My coach took me under his wing and gave me a job when nobody else wanted to give me a chance. I started coaching boxing. I then received a second job, running a very small sports shop after I had proven my trustworthiness. Soon enough, I had my own boxing club, with nothing but one client. 

Over the years we became one of the respected clubs on the east rand. And not long after that, I produced my first professional boxer, who made his debut on one of boxings biggest events of the year, the Southern Giant, and received Fight of the Night honours. I don't mention this to boast, I mention it because it only happened due to me taking all my energy that I invested into drinking and being a low life human, and put it into building the lives of other people through the only thing I felt I was good at, at the time. 

 

During this time, I also met a beautiful woman. I am proud to say that 7 years later, my wife and I have two beautiful children, and she has supported me through all the heartache and triumphs of being in professional sport. 

 

And when my brother died, and Covid ripped my gym apart, she was the pillar and strength, along with my mother and kids, to help me stay sober. 

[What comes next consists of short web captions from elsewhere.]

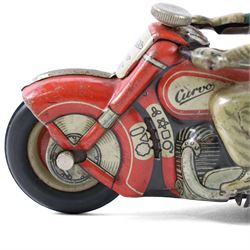 Schuco Curvo 1000 tinplate clockwork motorcycle, in red and cream, with rider in green jacket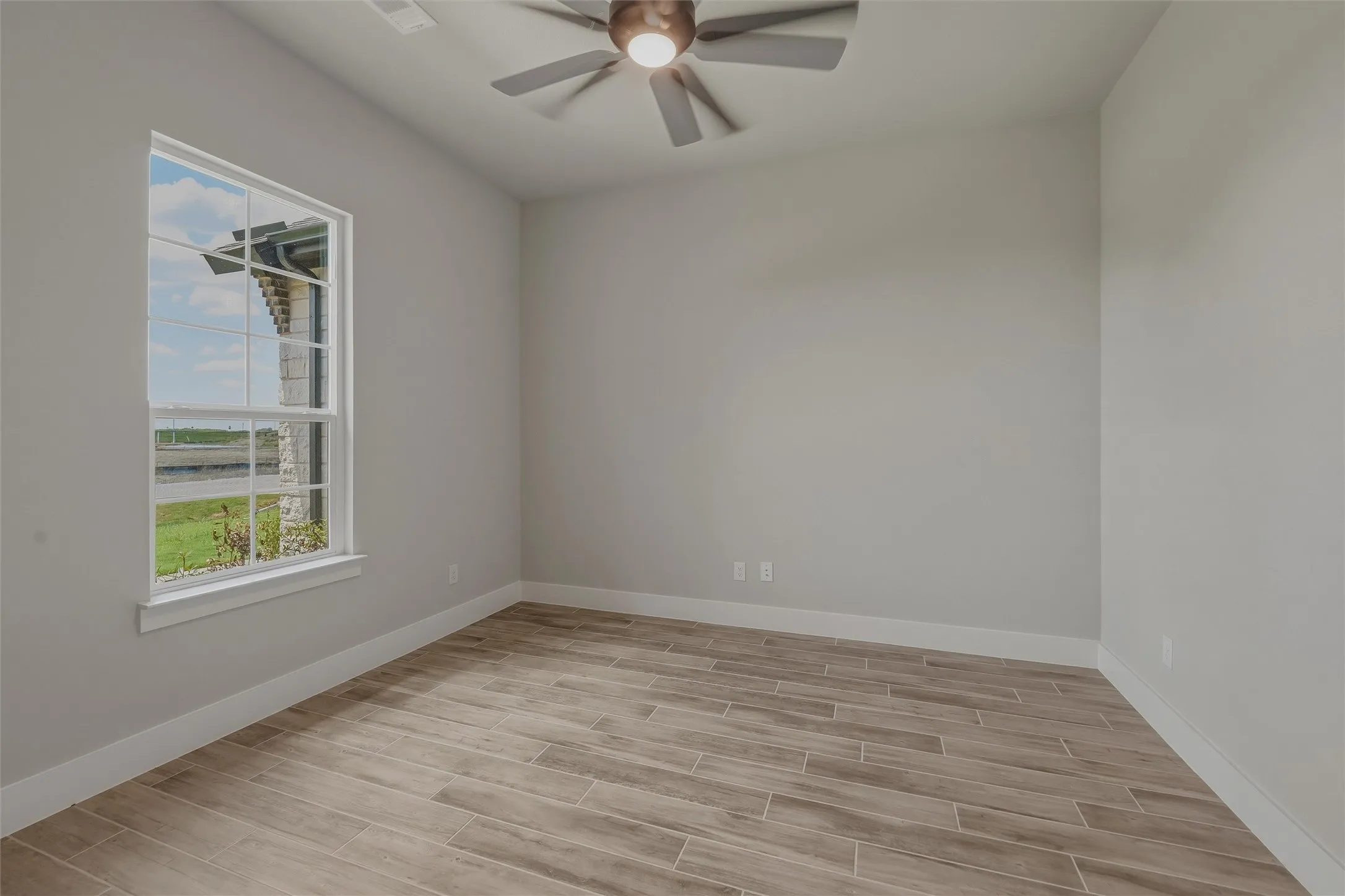 Room featuring a large window, light-toned walls, wood-finish flooring, white baseboards, and a ceiling fan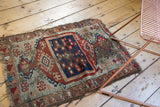 Antique Anatolian rug, displaying cobalt blue and cherry red village motifs with aged fringed edges.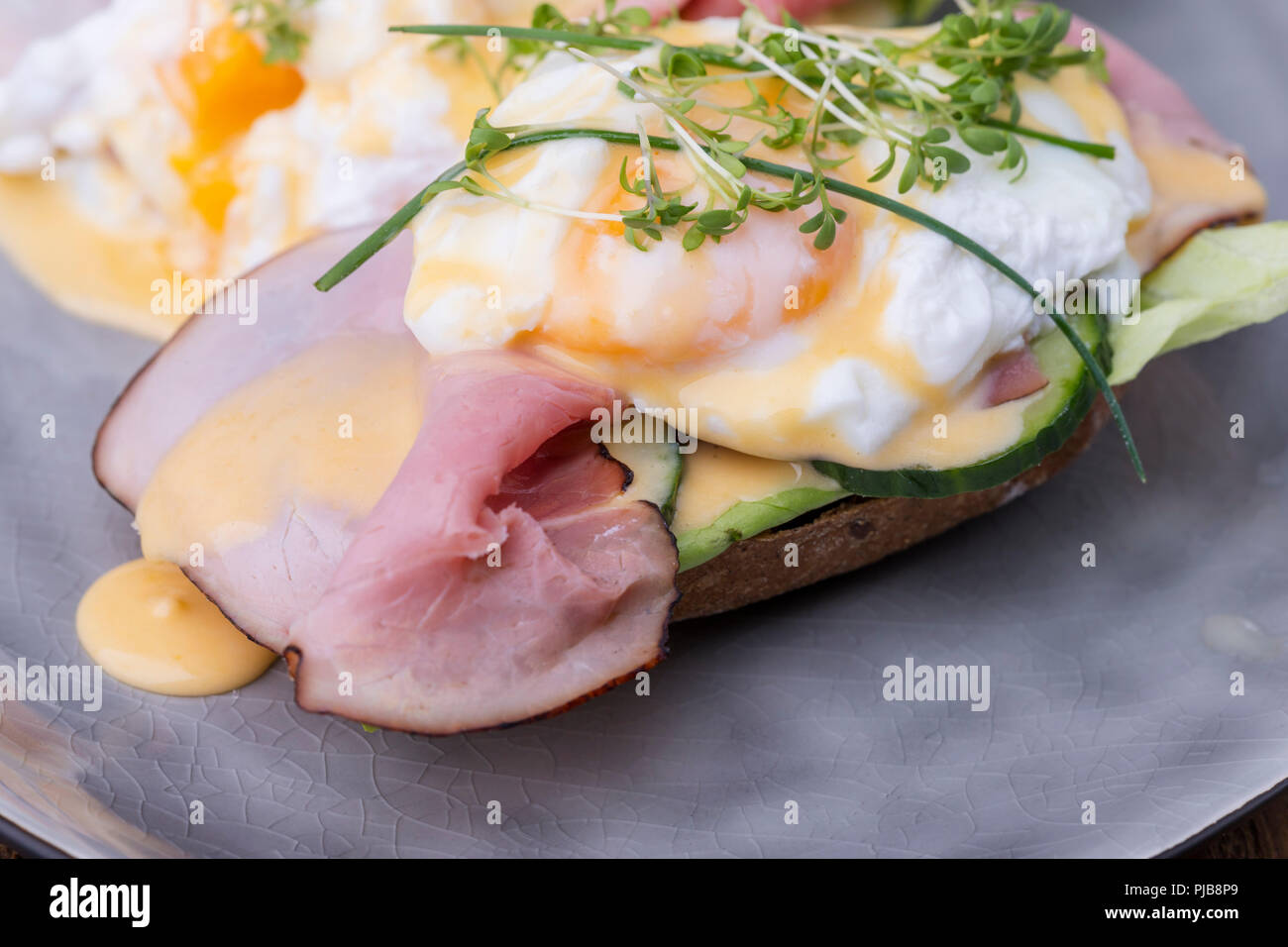 eggs benedict on a roasted bun Stock Photo Alamy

Today, I run a large retail store, in one of the largest franchise groups in the country. God answered all our prayers, in His own way, and has brought us to today. 

 

Almost 9years sober. But every day is a decision. Every day I make a choice. I don't choose not to drink. I choose to remain sober. And there is a big difference between the two.

Choosing not to drink puts my focus on the drink and what I don't want to do. Choosing sobriety puts my focus on being the best version of who I am, without any thought of drinking. 

 

I can't thank Elim enough for all the work and help they gave me in and out of the clinic. To this day I am in contact with one of my old therapists, and I am eternally grateful.